I know people with jailbroken phones. The iPhone has a complete Unix OS on it, and you can use your iPhone to connect to other computers, move files around, etc. There are apps (like porn apps) that Apple will never allow in the App Store. There’s GoogleVoice too which may or may not be in the App Store any time soon. Then, there are features such as using Skype on AT&T’s data network and not on WiFi.
But the point is know what you’re getting yourself into. If you don’t understand root access and ssh, you shouldn’t be jailbreaking your iPhone.
Jailbreaking cannot brick your phone. It’s like saying “I tried installing a new OS and now my computer does not power on anymore”. If your computer does not power on, it has nothing to do with the OS. It’s a hardware issue. The fact that you were able to “took us quite a while to fix one of them” by definition means that the phone was not ever bricked. Of course, recovering from a bad state requires you to put the phone in DFU mode and then restore it, and some users may not know how to do this, but there are enough of tutorials out there to get this done. A bricked phone cannot be fixed, not even by Apple.
The only risk of bricking an iPhone while hacking it is, if, while in the middle of performing an unlock (this is different from a jailbreak), you pull out the chord or lose power on the phone.
All the info about changing the password is right on the front page of Cydia (the most popular application for installing and managing jailbreak apps). That doesn’t mean people read it, but it couldn’t be more in their face.

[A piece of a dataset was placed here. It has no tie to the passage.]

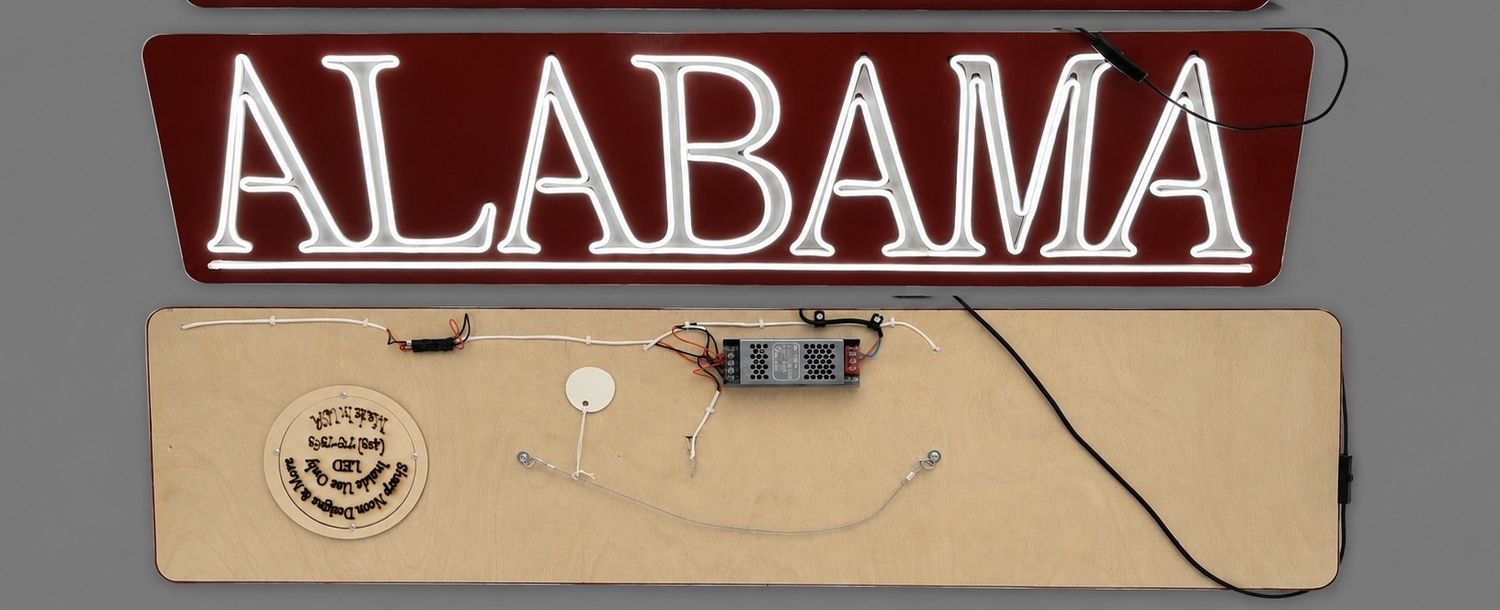 Alabama Handmade Wooden LED Neon Sign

This is misleading. iPhone updates aren’t the same as computer updates. iPhone updates are entire operating systems that overwrite the system you currently have on the phone. The only reason people didn’t apply the update is because there wasn’t a jailbreak available for the new updated system, so they chose to wait until there was one. They could have updated at any time if they felt the SMS vulnerability (which affected all phones, jailbroken or not) was a real threat.

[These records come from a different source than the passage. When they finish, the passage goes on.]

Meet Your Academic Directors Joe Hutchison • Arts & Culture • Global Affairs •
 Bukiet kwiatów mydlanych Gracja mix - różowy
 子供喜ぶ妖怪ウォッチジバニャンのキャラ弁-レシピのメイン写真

One thing that, surprisingly, hasn’t came up yet, is speed and performance. This can range from “con” to “no difference” to “pro.”
The older models of Touch/iPhone aren’t super fast and don’t have a lot of RAM. This is rarely a problem for non-jailbroken devices because they don’t give you the freedom to do much with it anyway, but jailbreaking gives you the freedom to really squeeze the guts out of the device and a lot of people complain that it causes their system to lag.

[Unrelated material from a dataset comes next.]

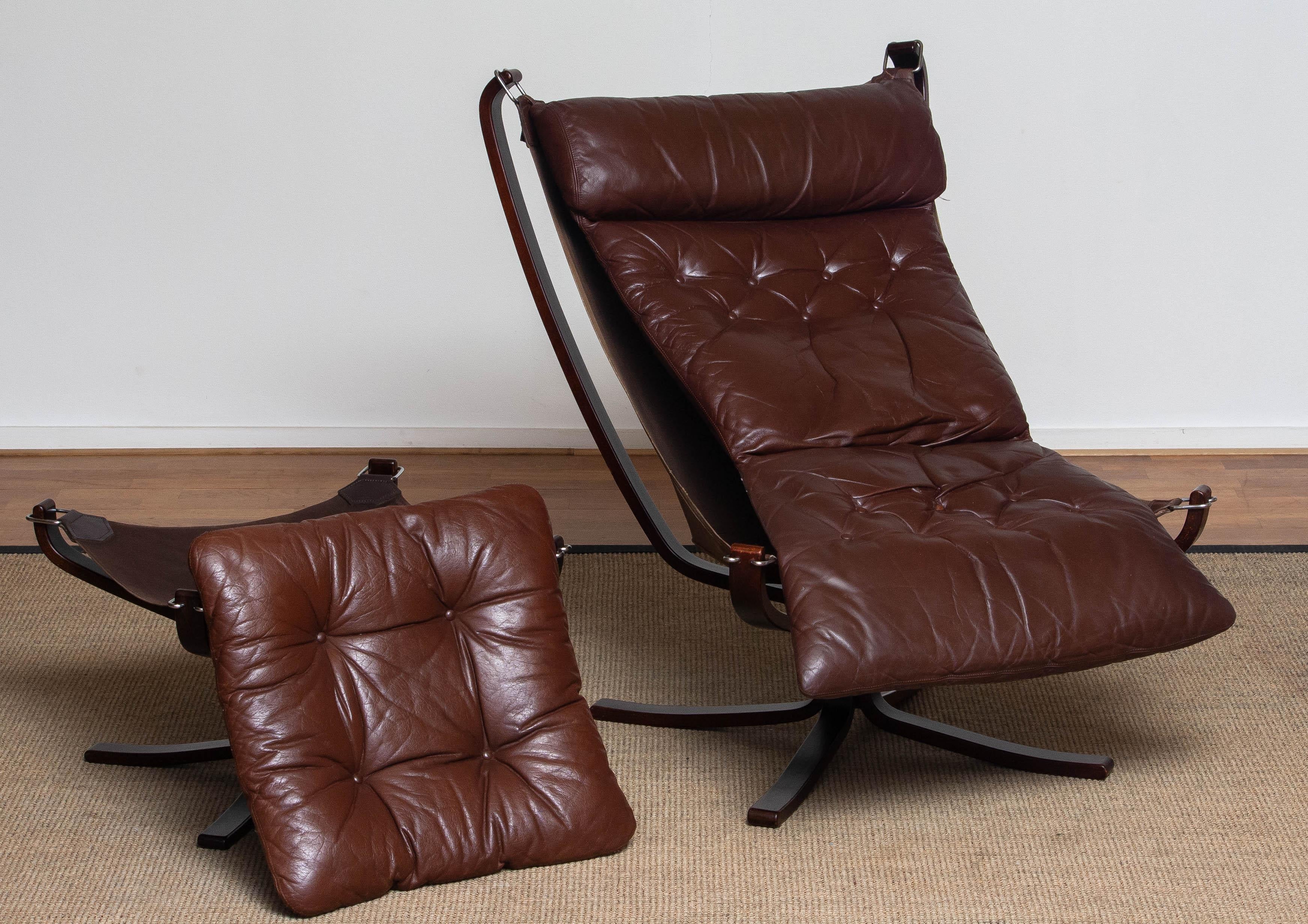 1970's Dark Brown Leather 'Falcon' Highback Chair and Ottoman by Sigurd Ressell 3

Jailbreaking alone isn’t the cause. The causes are having things running in the background and too much theming. (Do you really need the calculator, calendar and notepad apps to look cool?)
On the other hand, jailbreaking gives you freedom. If you enjoy tinkering, you can replace the factory theme files with your own to avoid lag from themes, you can disable things that you don’t need but which Apple has running by default and you can streamline the filesystem.
So, on the “pro” side… while some people install extravagant themes and complain that “jailbreaking made my device sluggish,” I would put mine, which does have a cool theme, against a factory iPhone any day and expect mine to be faster because I do like to tinker and have done as much as possible to make it faster.
But, if you really want click a button and instantly have a crazy cool theme for Springboard plus every app plus a theme for the Lockscreen that displays email, rss feeds, weather, calendar, music controls, and allows you to have SMS conversations all without unlocking the device… you could be disappointed.